There are numerous talented chefs working the nation’s stoves. But when viewed as a percentage of the whole eat-out scene they are but a dribble of sauce in a culinary desert – or dessert.
There is nothing wrong with basic fare – fish and chips, roast and two veg, steak and chips, even sausage and mash. But surely, after decades of serving mundane, allegedly home-cooked fare, chefs could at least make it edible and enjoyable.
If they can’t get the basics right, what hope is there? How much longer must diners stomp up their hard-earned for food no better than they get at home?
Dining out is supposed to be an occasion, a moment to savour but not a replication of what could be much cheaper, and better, from their own kitchens.
Worse still, not only is the basic fare on offer so mundane but too often the diner is enticed into ordering a classic only to find it falls way short of the mark.
Three times in three days at three different eateries I have been lured into ordering dishes that should be part of any competent chef’s basic classic repertoire.

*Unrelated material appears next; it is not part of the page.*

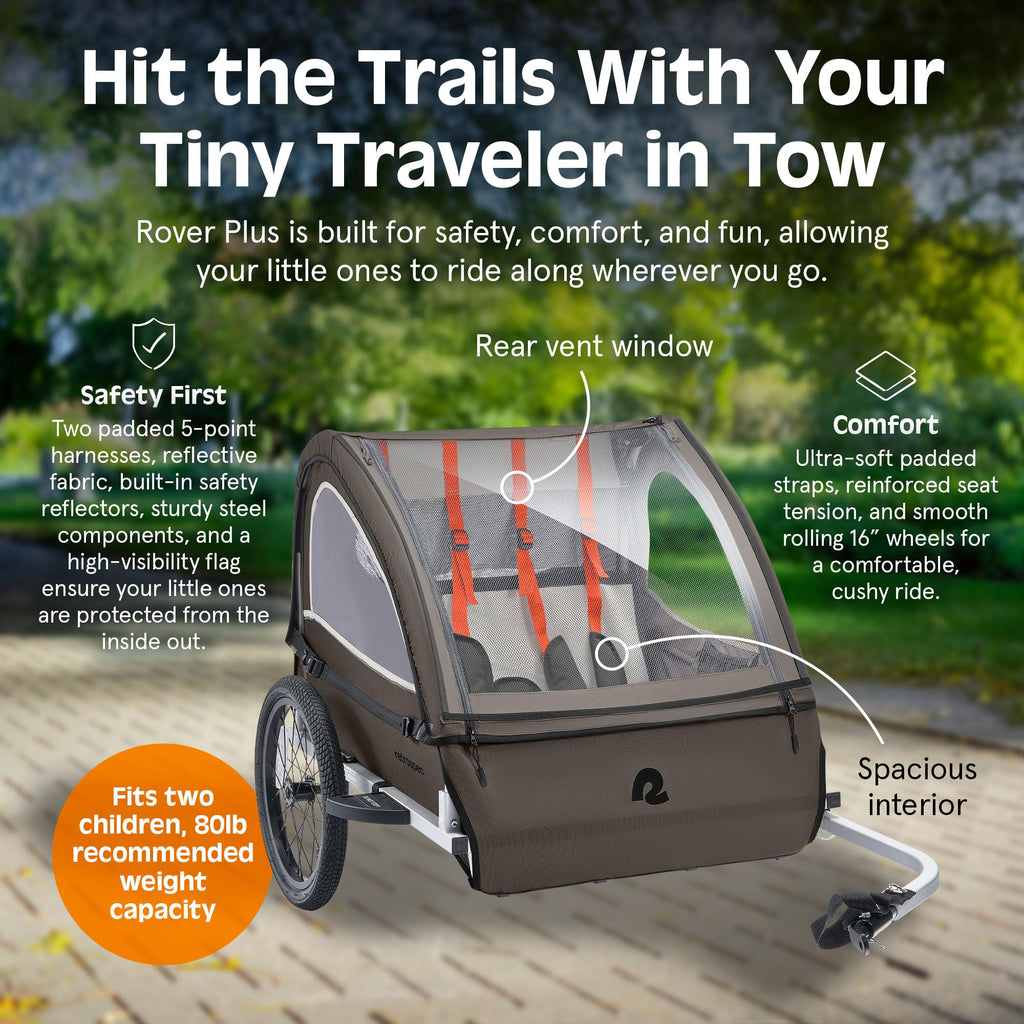 Retrospec Rover Plus Bike Trailer for Kids - Foldable Single/Double Passenger Design with 5-Point Safety Harness, Weather-Resist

A seafood linguine was drier than the Sahara after a sandstorm; a Caesar salad would have been instantly disowned by its creator, and a moules mariniere with pommes frites was enough to justify the Norman Conquest all over again.
These are simple dishes, tried and true, and should be part of any professional chef’s repertoire. Anything less than an edible, tasty approximation of the original is simply not good enough.
The salad was a bowl of tired lettuce and croutons that would have withstood a nuclear blast. The linguine offered leathery prawns and a puddle of creamy nothingness in the bottom of the bowl. The moules were lukewarm rubbery bullets and the frites were simply not frites.
These were not exceptions.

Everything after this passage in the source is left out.